From the Guidelines
Constipation following hysterectomy can be effectively managed with a combination of increased fluid intake, dietary fiber, and gentle laxatives, as recommended in the most recent guidelines 1. To manage post-hysterectomy constipation, it is essential to start with a combination of stool softeners and gentle laxatives. The patient should take docusate sodium (Colace) 100 mg twice daily as a stool softener along with polyethylene glycol (MiraLAX) 17 grams mixed in 8 ounces of water once daily. Increasing fluid intake to at least 8-10 glasses of water daily and gradually incorporating fiber-rich foods into the diet can also help. Some key points to consider:
- Physical activity, even gentle walking for 15-20 minutes several times daily, can help stimulate bowel function.
- If constipation persists after 3 days of this regimen, consider adding a stimulant laxative like bisacodyl (Dulcolax) 5-10 mg orally or as a suppository.
- Constipation after hysterectomy occurs due to several factors including anesthesia effects, pain medications (especially opioids), reduced physical activity, and direct manipulation of the bowels during surgery.
- The bowel can become temporarily sluggish (postoperative ileus) following abdominal surgery.
- If severe constipation persists beyond a week or is accompanied by severe pain, vomiting, or abdominal distension, contact your healthcare provider immediately as this could indicate a more serious complication, as suggested by 1. It is crucial to prioritize the patient's morbidity, mortality, and quality of life when managing constipation after hysterectomy, and the approach should be based on the most recent and highest-quality evidence available 1.
From the Research
Constipation Status Post Hysterectomy
- Constipation after hysterectomy is a potential complication, with studies suggesting that it may be related to hormonal alterations, iatrogenic causes, or variations in recto-bladder sensitivity 2.
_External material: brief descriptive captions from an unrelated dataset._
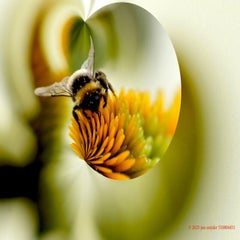 gimp-plants-_dsc2179-7-standard.jpg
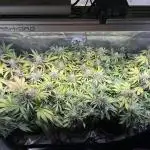 White Diesel #2 & #3 from clones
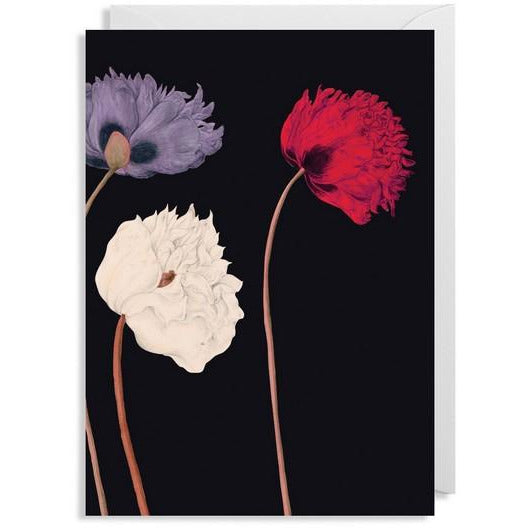 Poppies - 6376
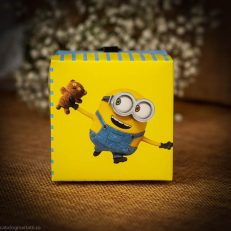 detaliu cutie asamblata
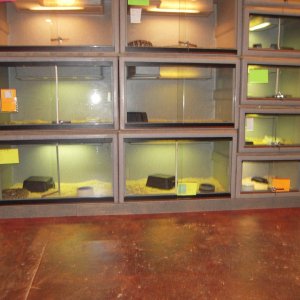 Reptile set up
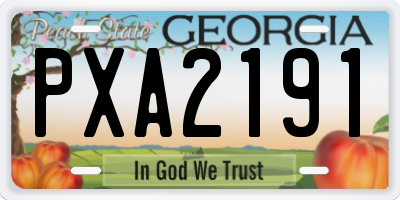 GA license plate PXA2191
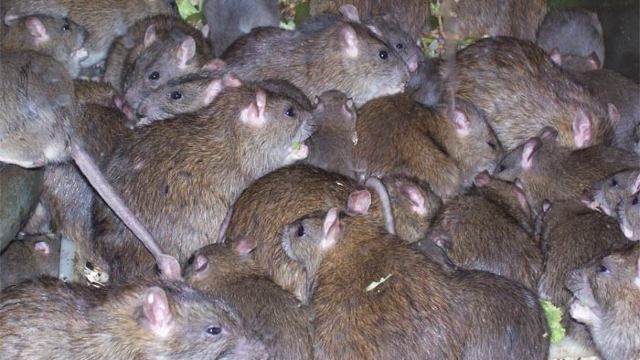 На углу улицы жители кормят голубей, и поэтому там могут быть и грызуны.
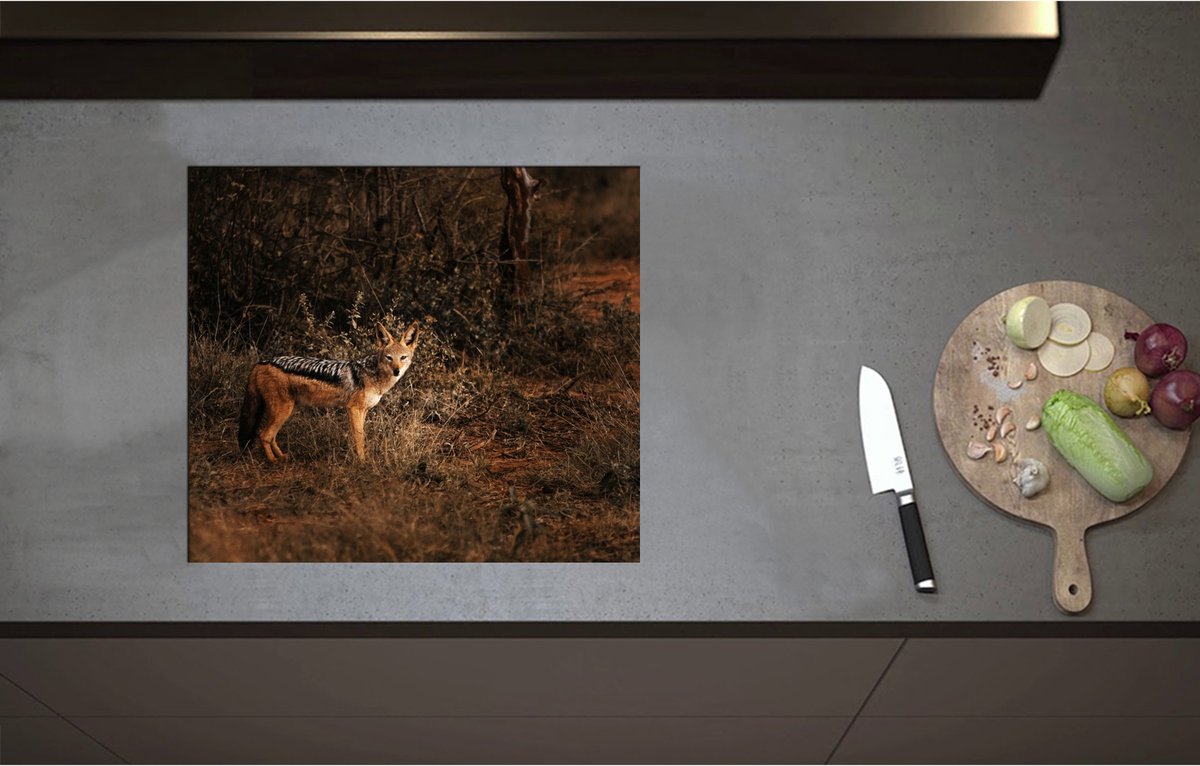 Inductieplaat Beschermer - Aankijkende Goudwolf in de Struiken van Kaal Bos - 57x50 cm - 2 mm Dik - Inductie Beschermer - Bescherming Inductiekookplaat - Kookplaat Beschermer van Wit Vinyl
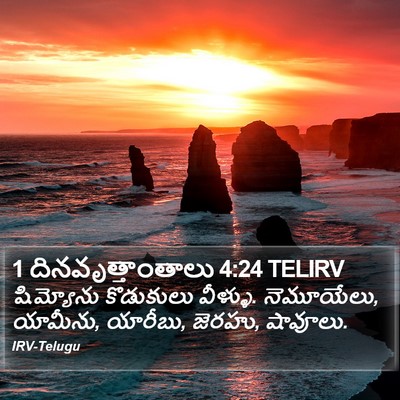 1 దినవృత్తాంతాలు 4:24 TELIRV Bible Verse Image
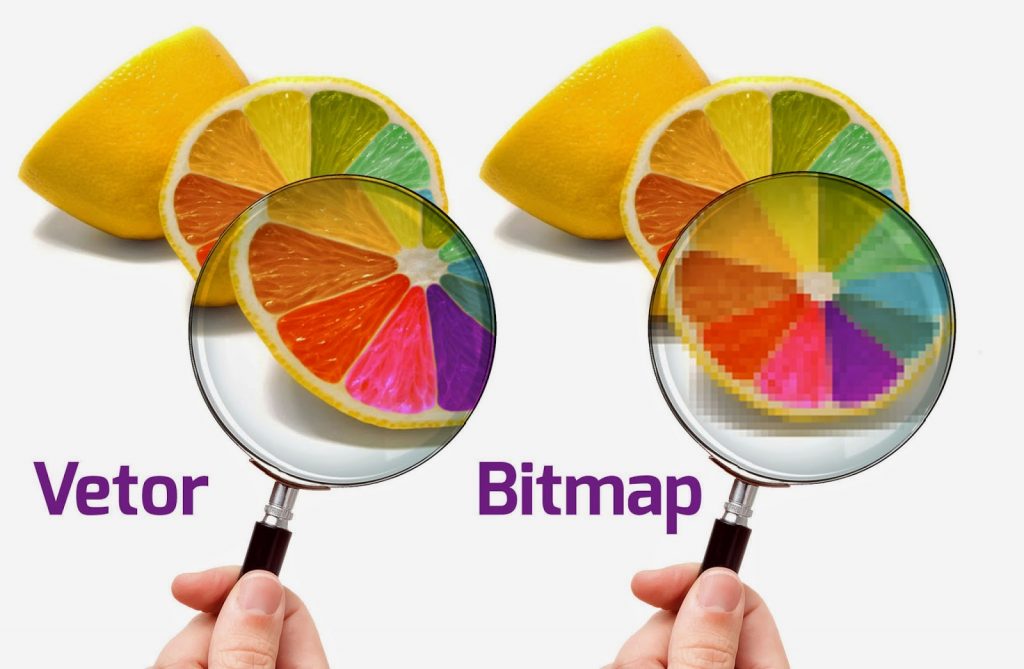 Qual é a diferença entre arquivos Bitmap e Vetor?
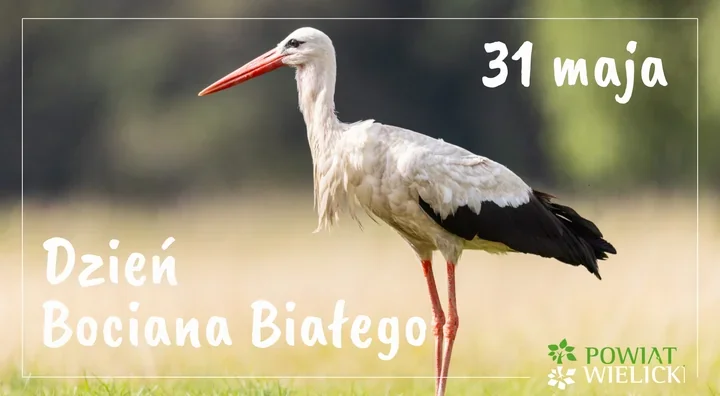 Dzień Bociana Białego. Dlaczego ten ptak wciąż zachwyca Wieliczkę i całą Polskę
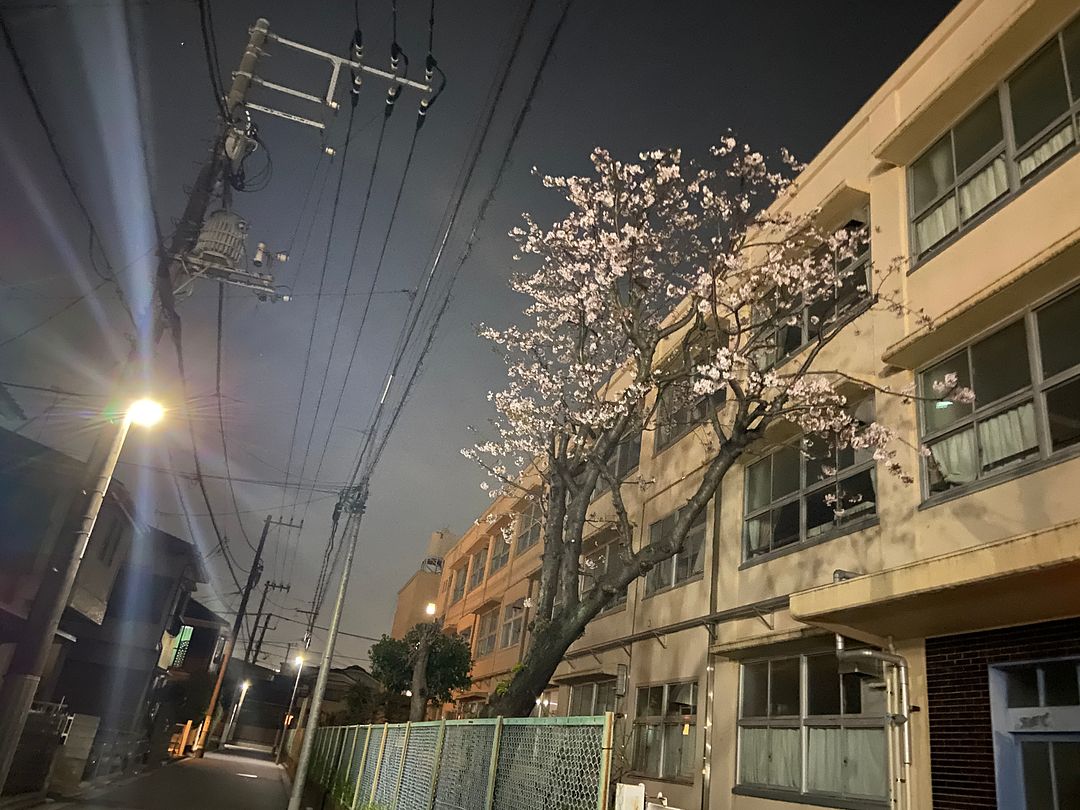 japan sakura#2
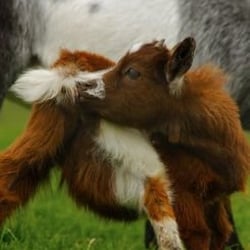 Warren Mill Farm Park - Photo from official website: http://www.warrenmillfarm.co.uk/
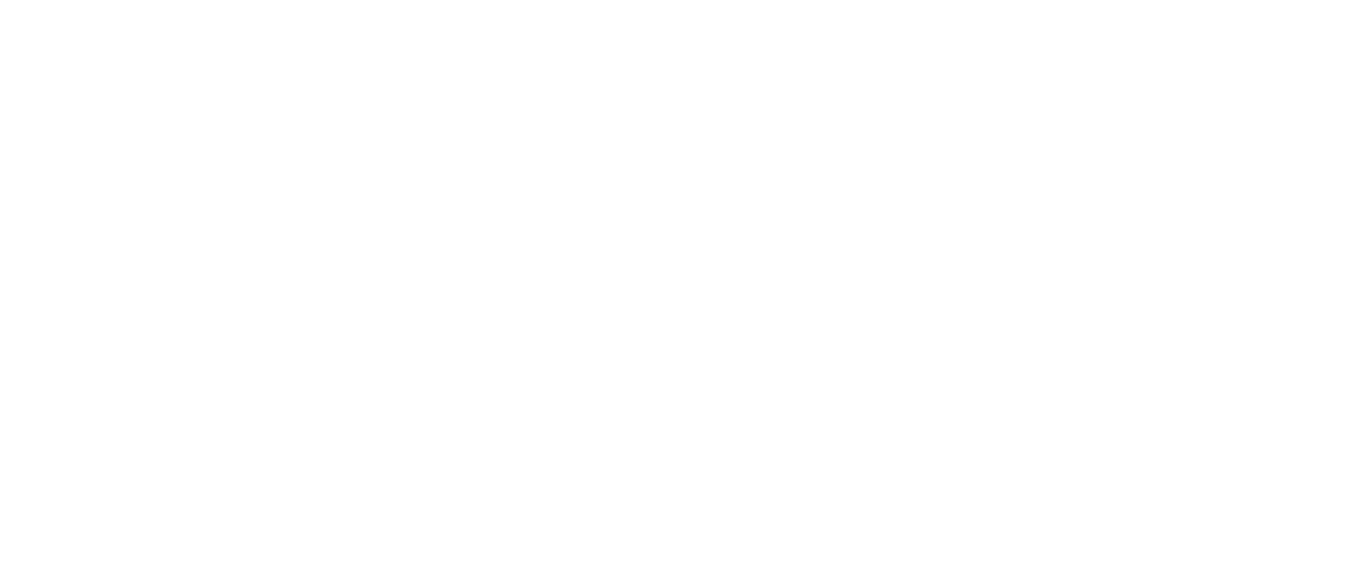 迪赞文化传播 Logo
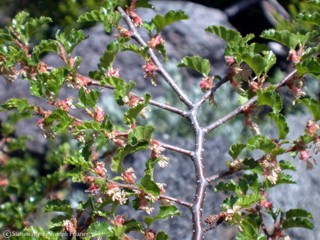 Nothofagus pumilio 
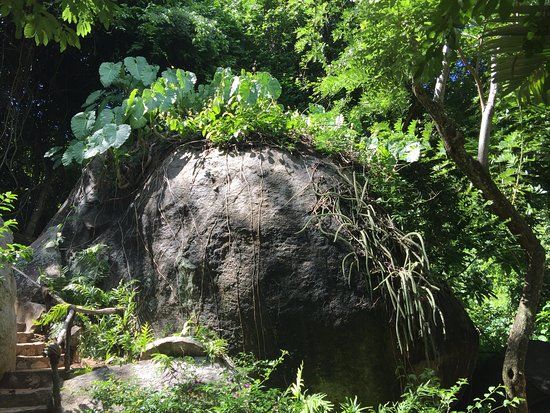 el Jardín Botánico de Acapulco
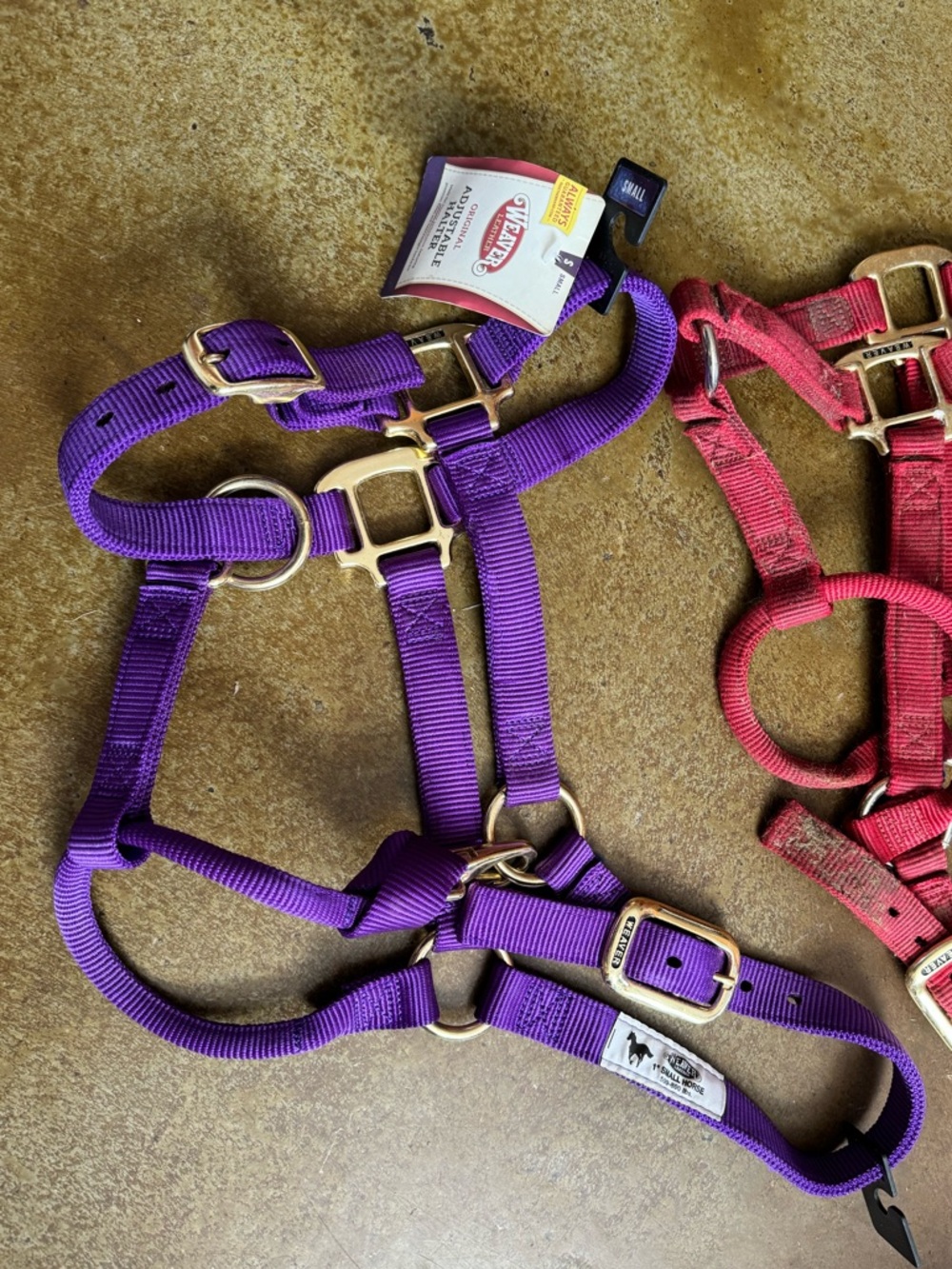 Weaver Leather Purple Nylon Adjustable Small Horse Halter with Brass Hardware 1”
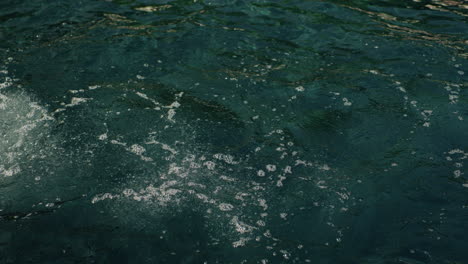 woman swimming front crawl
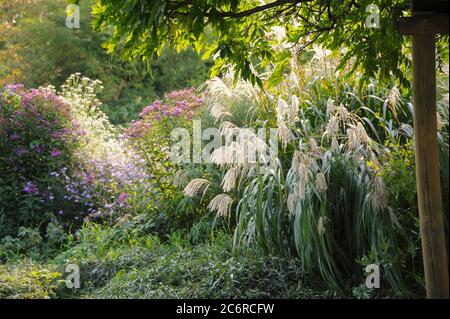 Chinaschilf Miscanthus sinensis Silberfeder, Miscanthus Miscanthus sinensis Silberfeder Stockfoto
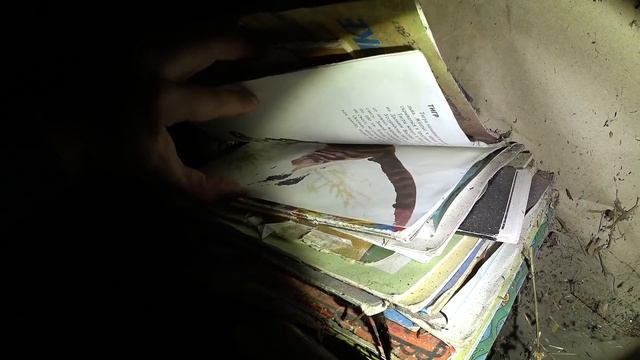 Нашёл котёнка в заброшенной деревне.Как он сюда попал? смотреть онлайн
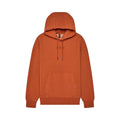 BLUZA Z KAPTUREM FOX WORDMARK OVERSIZED FLEECE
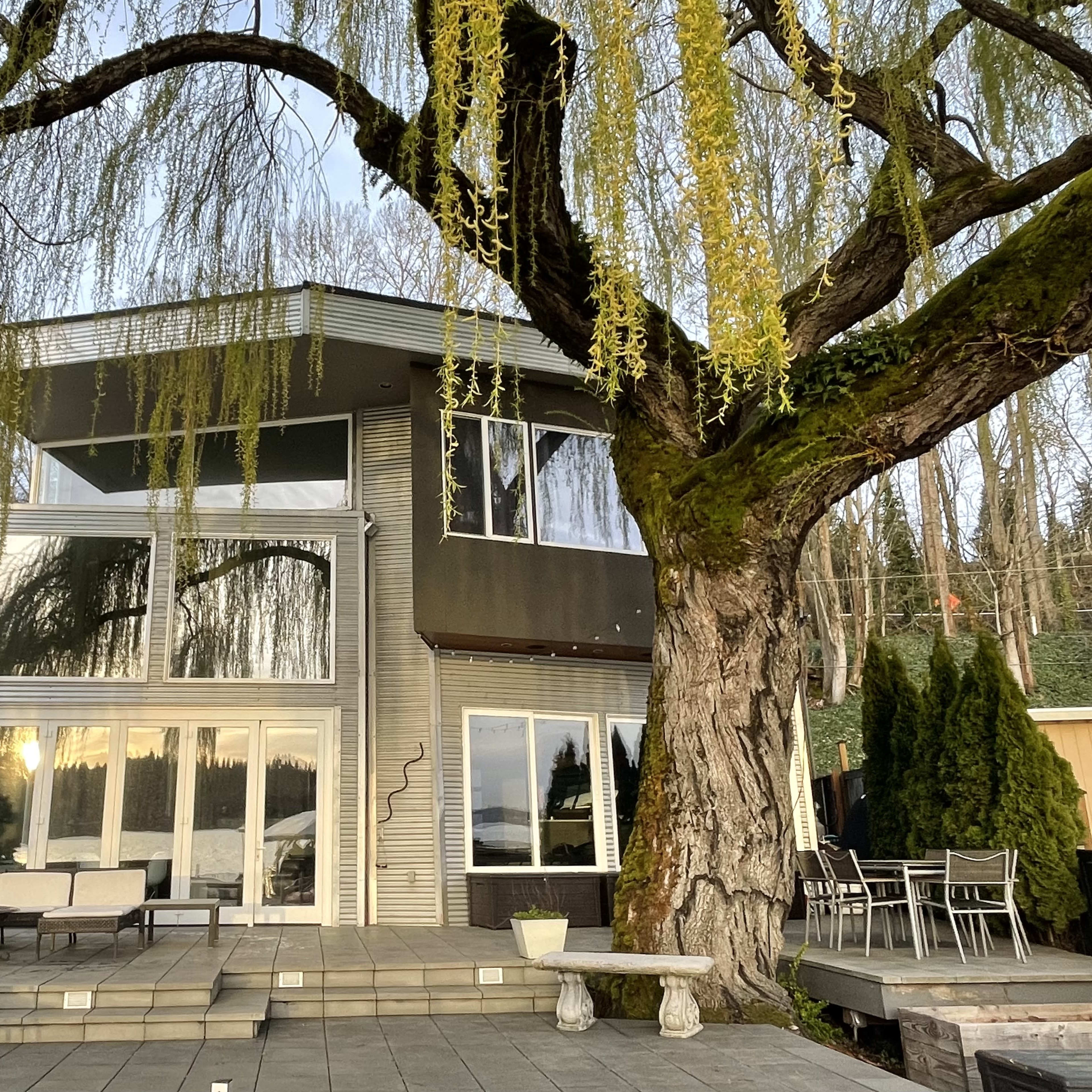 A modern two-story house with large windows is situated next to a large willow tree, surrounded by a patio and various outdoor seating areas.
- The exact type of constipation that develops after hysterectomy is not well understood, with a need for prospective studies to compare bowel function before and after operations 2.
- Strategies for preventing constipation include laxatives, exercise, and increased fluid and fibre intake, with individualised care and support increasing patients' outcomes 3.
Prevention and Treatment of Constipation
- A quasi-experimental study found that actively involving patients in their own care, including individualised nursing care plans and daily dialogues, significantly reduced constipation rates after surgery 3.
- The use of senna with docusate has been shown to decrease time to first bowel movement after pelvic reconstructive surgery, with subjects using senna with docusate being less likely to use magnesium citrate 4.
- Other studies have investigated the use of laxatives and stool softeners in preventing and treating constipation, with varying results 5, 6.
Management of Constipation
- The management of opioid-induced constipation in hospice patients often involves the use of laxatives and stool softeners, with newer agents providing additional options for patients who do not respond to first-line therapies 5.
- A comparison of sennosides-based bowel protocols with and without docusate found that the sennosides-only protocol was more effective in inducing laxation, with fewer patients requiring additional interventions 6.